French far-right National Front presidential candidate Marine Le Pen canceled a meeting on Feb. 21 with Lebanon's grand mufti, its top cleric for Sunni Muslims, after refusing to wear a headscarf for the encounter.

Le Pen, among the frontrunners for the presidency, is using a two-day visit to Lebanon to bolster her foreign policy credentials nine weeks from the April 23 first round, and may be partly targeting potential Franco-Lebanese votes.

Many Lebanese fled to France, Lebanon's former colonial power, during their country's 1975-1990 civil war and became French citizens.

After meeting Christian President Michel Aoun - her first public handshake with a head of state - and Sunni Prime Minister Saad al-Hariri on Feb. 20, she had been scheduled to meet the Grand Mufti Sheikh Abdul Latif Derian

He heads the Dar al-Fatwa, the top religious authority for Sunni Muslims in the multi-religious country.  

"I met the grand mufti of Al-Azhar," she told reporters, referring to a visit in 2015 to Cairo's 1,000-year-old center of Islamic learning. "The highest Sunni authority didn't have this requirement, but it doesn't matter. 

"You can pass on my respects to the grand mufti, but I will not cover myself up," she said.

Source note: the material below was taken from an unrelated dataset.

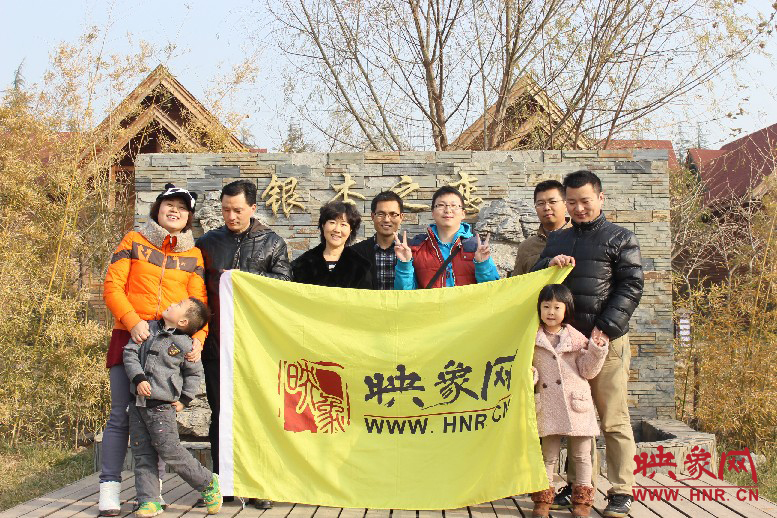 來張小合影，好多朋友都在其他地方玩，已經(jīng)嗨的叫不回來……
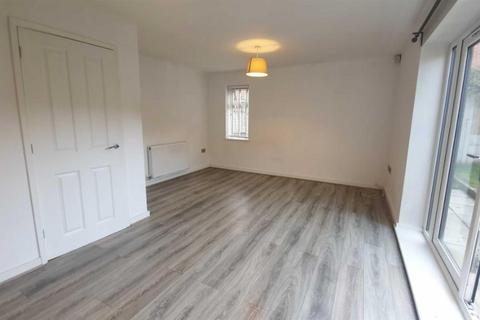 2 bedroom semi-detached house to rent - Duchy Road, Salford M6 6GP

The cleric's press office said Le Pen's aides had been informed beforehand that a headscarf was required for the meeting and had been "surprised by her refusal." 

But it was no surprise in the French political context. 

French law bans headscarves in the public service and for high school pupils, in the name of church-state separation and equal rights for women. Le Pen wants to extend this ban to all public places, a measure that would affect Muslims most of all.